Fresh off its Q3 2018 earnings report, in which it broke a revenue record, Snap Inc. is making another major announcement. Meet Snap Camera, a standalone application that will bring the company's popular augmented reality filters, aka Lenses, to the desktop. Interestingly enough, the new app won't require a Snapchat login, a move Snap says is part of its vision to expand the Lens ecosystem beyond mobile.
The way Snap Camera works is simple: You download the Mac or Windows version and then it syncs with any camera connected to your computer. After that, you can use the feed from the Snap Camera to record yourself using Lenses on apps like Skype and Google hangouts -- all you have to do is make sure you've selected it as your main camera output. It also works if you're trying to shoot a video on your computer to upload to sites such as YouTube.

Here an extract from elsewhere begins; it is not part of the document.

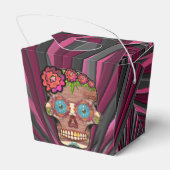 彫られた木製のルック砂糖スカルとフローラクラウン フェイバーボックス (裏面サイド)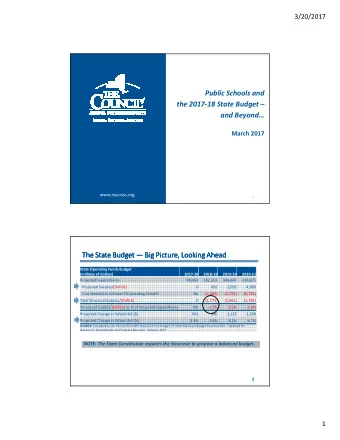 Public Schools and  the 2017-18 State Budget   and Beyond  March 2017  www.nyscoss.org  1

It's no secret that Snapchat, Snap Inc's flagship product, has been struggling since the company went public in 2017. According to CEO Evan Spiegel, Snapchat lost 3 million daily users during the second quarter of 2018, though Snap Inc. seems to have figured out a way to make money despite that, as it announced on Thursday in its Q3 2018 earnings report. That's probably a big reason why Snap isn't forcing Snap Camera users to have a Snapchat account, though it will offer a way to create one directly from it if they wish. "[We] want to put something out there that, first and foremost, is making it as simple as possible for a new community to access Snapchat Lenses," Eitan Pilipski, vice president of Camera Platform at Snap, told Engadget.
While you won't be required to have a Snapchat login, there will be experiences tied to that app. For instance, Snap is teaming up with Twitch to bake features from the new desktop Camera right into the streaming service. This means Twitch streamers can use thousands of Lenses, including those created by Snapchat and the Lens Studio community, in their live sessions. Snap's hope is that viewers will love the Lenses being used by their favorite Twitch streamer and they'll want to unlock it on the mobile front, which they'll be able to do by scanning a Snapcode that's going to appear on the bigger screen.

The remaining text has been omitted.